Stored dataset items
********

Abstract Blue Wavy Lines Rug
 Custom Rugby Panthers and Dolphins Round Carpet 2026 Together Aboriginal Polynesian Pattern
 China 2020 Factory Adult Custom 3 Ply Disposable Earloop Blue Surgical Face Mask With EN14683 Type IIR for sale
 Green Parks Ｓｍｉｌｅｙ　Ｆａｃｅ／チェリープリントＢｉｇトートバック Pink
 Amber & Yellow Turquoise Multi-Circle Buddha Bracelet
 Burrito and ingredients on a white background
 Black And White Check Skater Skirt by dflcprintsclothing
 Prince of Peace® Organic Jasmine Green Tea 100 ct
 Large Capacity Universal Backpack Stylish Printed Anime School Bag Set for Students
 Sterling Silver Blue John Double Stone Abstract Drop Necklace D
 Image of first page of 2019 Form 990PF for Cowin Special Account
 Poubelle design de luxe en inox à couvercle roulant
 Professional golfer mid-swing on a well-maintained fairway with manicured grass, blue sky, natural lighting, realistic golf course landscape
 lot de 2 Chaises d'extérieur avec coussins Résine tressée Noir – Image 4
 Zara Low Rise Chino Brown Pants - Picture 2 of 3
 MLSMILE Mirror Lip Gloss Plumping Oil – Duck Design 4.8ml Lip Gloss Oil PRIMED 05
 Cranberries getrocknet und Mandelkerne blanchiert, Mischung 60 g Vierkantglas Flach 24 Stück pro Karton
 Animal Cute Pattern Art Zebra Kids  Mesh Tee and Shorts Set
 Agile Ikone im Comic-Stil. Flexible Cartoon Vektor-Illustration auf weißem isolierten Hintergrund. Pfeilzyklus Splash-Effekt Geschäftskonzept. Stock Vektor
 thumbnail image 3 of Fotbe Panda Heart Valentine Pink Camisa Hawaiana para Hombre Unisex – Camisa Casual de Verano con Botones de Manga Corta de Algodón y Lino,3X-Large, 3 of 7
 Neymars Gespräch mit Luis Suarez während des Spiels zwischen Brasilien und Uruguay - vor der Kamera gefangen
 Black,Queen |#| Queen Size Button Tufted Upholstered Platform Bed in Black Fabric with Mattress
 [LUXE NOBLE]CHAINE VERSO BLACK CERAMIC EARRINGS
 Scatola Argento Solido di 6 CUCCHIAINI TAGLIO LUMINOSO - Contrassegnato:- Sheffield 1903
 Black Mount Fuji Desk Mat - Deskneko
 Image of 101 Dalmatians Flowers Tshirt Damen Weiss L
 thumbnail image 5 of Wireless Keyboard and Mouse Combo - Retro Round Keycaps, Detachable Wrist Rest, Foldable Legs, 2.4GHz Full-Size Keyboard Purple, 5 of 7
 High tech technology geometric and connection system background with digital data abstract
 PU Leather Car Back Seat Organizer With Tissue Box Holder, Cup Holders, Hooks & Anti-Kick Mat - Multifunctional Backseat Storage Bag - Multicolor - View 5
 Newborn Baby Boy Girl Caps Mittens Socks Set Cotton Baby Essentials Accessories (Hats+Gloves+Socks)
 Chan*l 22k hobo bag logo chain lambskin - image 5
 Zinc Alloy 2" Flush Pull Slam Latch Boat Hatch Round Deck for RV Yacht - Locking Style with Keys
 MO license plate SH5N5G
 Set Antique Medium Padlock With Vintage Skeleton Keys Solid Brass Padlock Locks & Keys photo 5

********

TASK GOAL:
Search the entries for "Pattern" and copy out each line that has it.

WRITTEN ANSWER:
 Custom Rugby Panthers and Dolphins Round Carpet 2026 Together Aboriginal Polynesian Pattern
 Animal Cute Pattern Art Zebra Kids  Mesh Tee and Shorts Set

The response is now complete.